For 2020, the maison Cartier is staging meetings through its watchmaking novelties. Unexpected, daring or revisited, let's take a closer look at the new watches unveiled virtually on the Watches & Wonders platform.
The chain-link bracelet remains a composed centrepiece, one that plays on classic codes, whilst reinventing today’s attitudes. The Maillon de Cartier watch is firstly a jewel designed by the Cartier watchmaking studios. A bracelet whose chain-links are offset and aligned on the bias by Cartier. Well- rounded and opulent, they move in time with the ultra-feminine elegance of the Maillon de Cartier watch.

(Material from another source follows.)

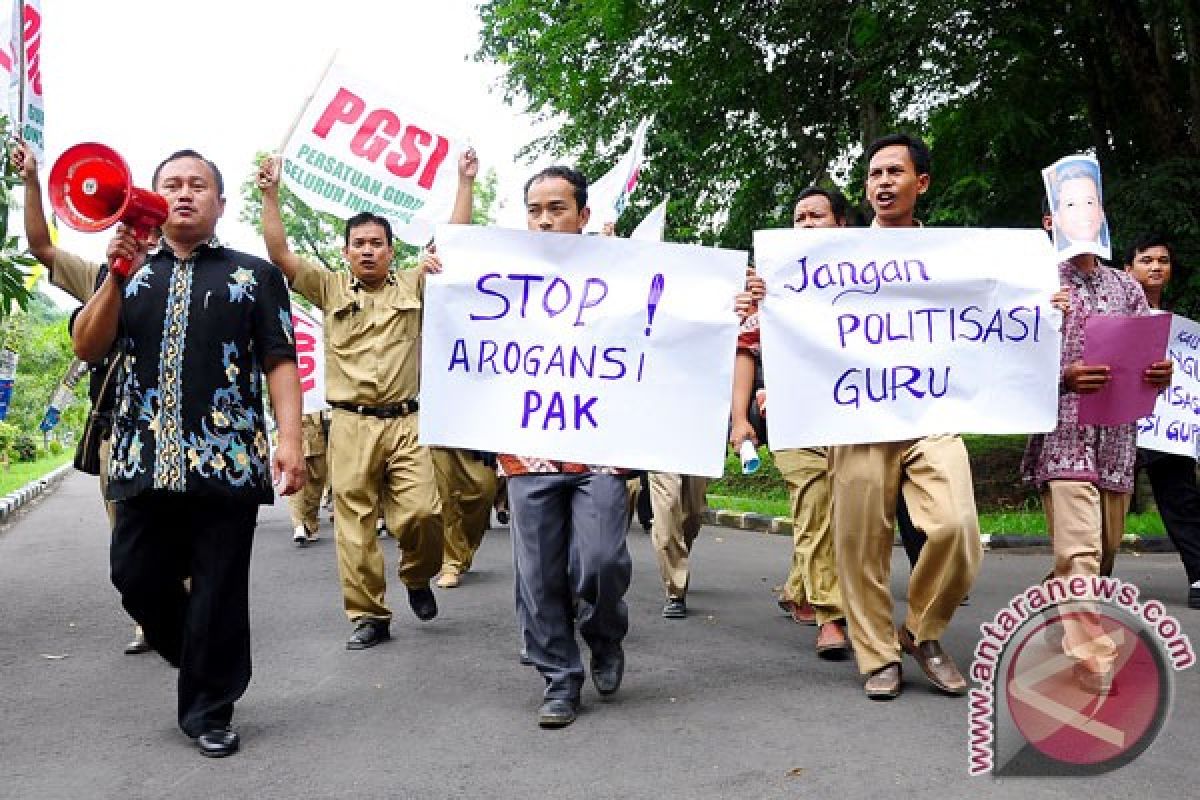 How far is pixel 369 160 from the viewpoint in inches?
268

This torsion emphasising the perspective within which the watch dial blends. This interpretation allows the case and links to entwine themselves in one graphic motion. Rectangular links, a hexagonal dial, bevelled brancards: the design of the Maillon de Cartier watch incites Cartier’s rhythmic geometry. An ambition to structure the watch, from the form of its links to its faceted case, radicalises the spirit of the watch. Its volume is tangible, angular and dense. The Maillon de Cartier watch is also the subject of exceptional pieces enhanced by gemstones and lacquer which further enhance the graphic effect.

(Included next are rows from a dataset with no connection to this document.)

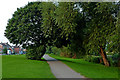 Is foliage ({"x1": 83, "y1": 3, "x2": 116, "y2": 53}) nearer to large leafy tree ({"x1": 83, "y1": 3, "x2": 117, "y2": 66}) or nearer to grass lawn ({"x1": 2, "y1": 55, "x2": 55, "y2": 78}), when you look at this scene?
large leafy tree ({"x1": 83, "y1": 3, "x2": 117, "y2": 66})

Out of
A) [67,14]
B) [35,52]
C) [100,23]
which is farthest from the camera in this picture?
[35,52]

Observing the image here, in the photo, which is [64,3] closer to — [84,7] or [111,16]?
[84,7]

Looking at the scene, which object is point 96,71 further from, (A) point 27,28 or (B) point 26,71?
(A) point 27,28

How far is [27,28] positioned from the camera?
2433 centimetres

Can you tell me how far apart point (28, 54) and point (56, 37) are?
22.6ft

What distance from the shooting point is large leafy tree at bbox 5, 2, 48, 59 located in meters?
24.8

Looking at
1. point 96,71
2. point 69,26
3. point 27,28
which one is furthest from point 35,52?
point 96,71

Straw and gold marquetry and enamel filigree – this year, the artisans in La Chaux-de-Fonds reveal two new “Métiers d’Art” watches, created around the natural and the precious, edited in a limited and numbered series of 30 pieces. Since its first appearance in its abstract form in 1914, Cartier has continually reinterpreted the panther. From motif to material or volume, everything related to the animal provides reason to go beyond the different crafts and techniques allowing new creative territories resulting from unexpected encounters
Made entirely by the marquetry craftsman from the Maison des Métiers d’Art in La Chaux-de-Fonds, this year, the Ronde Louis Cartier watch unveils the technique of straw and gold marquetry. The precious metal is added to the palette of materials already used in marquetry, making it possible to work with volume and create a rendering reminiscent of bas-relief.Seventy-five blades of straw in different sizes and shades, produced in 11 colours, make up the parts of the décor. The feline’s head is comprised of more than sixty-five elements in white, yellow and pink gold, which are shaped and satin-finished one by one. With an unusual play of meta-exploration, yellow gold wires are embedded in natural straw elements, adding complexity and sophistication that the craftsmen explored for the first time.
Cartier combines ceramic arts with the art of composition, to which marquetry belongs, by enamelling the spots on the coat and eyes. The rich colour palette contrasts black and white with a large number of shades between opaline and yellow. The gaze comes to life with sparkle, shine and depth, an expression of Cartier’s figurative and realist art. The spots in the background are created with miniature paint. Brought to life after more than 100 hours, 97 of which are spent on the dial alone.
This year, designers and craftsmen from the Maison des Métiers d’Art have adapted the filigree technique to be used with enamel. With this technique, the enamel powder is heated, and the glass is stretched until it takes the shape of bamboo, before being set and fixed to the dial by tiny strands of yellow gold. This creates the bamboo effect used in the foreground. To add perspective to the motif and play with the effects of depth, the craftsmen had to turn to other areas of expertise: domed champlevé enamel for the bamboo in the background and black spots of the beast’s fur and eyes, as well as miniature painting for the sky and the background bamboo. With a scene entirely dedicated to the Maison’s emblematic animal, this watch is available in a limited edition of 30 individually numbered piece.
The Cartier Privé collection highlights the design of the Maison’s legendary watches. This year it is the Tank Asymétrique’s turn to enter the exclusive circle of this connoisseurs’ club in a limited edition of 100 numbered pieces. The Tank was Louis Cartier’s bright idea to give a watch the shape of a rectangle in 1917, at a time when timepieces were round. From 1917 to 1936, it saw multiple incarnations. When it appeared in 1936, the Tank Asymétrique watch – also known at the time as the Parallélogramme or Losange – marked a break with tradition: unlike any other watch, it questioned the established order of things. Everything on the dial was shifted 30 degrees to the right. With its two horizontal shafts connected by two oblique ones, and its numerals off-set by 30° to the right, the presence of this new Tank Asymétrique on the wrist is striking. In its refined volume, Cartier watchmakers have included the Manufacture 1917 MC movement. On the dial, the Arabic numerals and their separating indexes have been completely redesigned. The watch is available in pink gold, in yellow gold and in platinum. The made-to-measure straps are fitted with an ardillon buckle.